Türk müziğinin batı müziği ile karşılaştırılması neticesi yapılan değerlendirilmelerde Türk müziği hakkında olumsuz beyanlarda bulunanlar olmuştur. Batı ve Türk müziği mensupları arasında uzun yıllar boyunca süren tartışmalar müzikologların dahil olduğu boyutlara kadar taşınmıştır. Batı müziği ve Türk müziğinin yapısal farklılıkları sebebiyle gündeme gelen tartışmalar günümüzde de değişik boyutlarda sürüp gitmektedir. Yaşadığı dönemler de de Atatürk çeşitli vesilelerle bu konularla muhatap olmuş ve bu konularda çeşitli görüşlerini beyan etmiştir.
Atatürk, Türk musikisine alaturka damgasını vuranlardan değildi, hele Arap, Fars ve Bizans musikilerinden etkilenmiş olduğu görüşünü asla tasvip etmemiştir.
Alaturka, her ne kadar, Türk'e mahsus Türkvâri gibi bir anlama geliyorsa da, bunu küçümseme, aşağılama yollu kullanmayı âdet edinenler vardır. Başı bozukluk, gerilik, uyuşukluk gibi anlamlarda kullanılmak istenmektedir. Gerçek manada Türk musikisinin, bu anlayışla vasıflandırılması son derece amiyane bir yakıştırmadır.

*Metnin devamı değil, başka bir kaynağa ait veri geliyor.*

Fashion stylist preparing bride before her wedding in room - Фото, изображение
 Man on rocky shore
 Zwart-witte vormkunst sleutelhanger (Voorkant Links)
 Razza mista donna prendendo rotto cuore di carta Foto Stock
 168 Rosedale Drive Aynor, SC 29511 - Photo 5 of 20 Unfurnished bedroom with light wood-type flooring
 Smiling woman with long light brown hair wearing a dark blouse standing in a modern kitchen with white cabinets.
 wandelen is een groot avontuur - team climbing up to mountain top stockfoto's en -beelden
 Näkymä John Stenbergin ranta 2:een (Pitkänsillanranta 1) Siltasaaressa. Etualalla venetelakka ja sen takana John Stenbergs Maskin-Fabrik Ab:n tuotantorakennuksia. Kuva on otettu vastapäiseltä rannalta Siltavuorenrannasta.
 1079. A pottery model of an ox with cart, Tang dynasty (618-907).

Atatürk'e ait olduğu söylenen bazı sözler, yanlış aktarılmış ya da nakledilmiş ya da bu konunun muhatapları tarafından işlerine geldiği gibi yorumlamışlardır. Bunlardan biri şudur: "Esas müzik batı müziğidir, ulusumuz için de bu müziği normal görmeliyiz."
Türk musikisini sevmeyenler, daha doğrusu bilmeyenler, musikimizi temelli hor görmüşlerdir. Onlara göre, alaturka musiki; Bizans, Arap ve Fars musikilerinin etkisinde kalmıştır. Tek sesli olması dolayısıyla de iptidaidir. Daha da ileri giderek: "Kozmopolit ve egzotik, melankolik bir havası vardır, onun için bu musikiyi kaldırıp atmalı, batı müziğini almalıdır."
Atatürk'e mal edilen bu sözler, nakledenlerin yorumladıkları şekilde ise, aynı konularda belgelenmiş sözleri de vardır ki, tam bir çelişki meydana geliyor demektir. Atatürk, gibi bir insan, böyle bir çelişkiye düşmezdi. Şu hâlde bu sözler ya noksan ya da yanlış aksettirilmiş ya da Atatürk bunları başka maksatla söylemiştir.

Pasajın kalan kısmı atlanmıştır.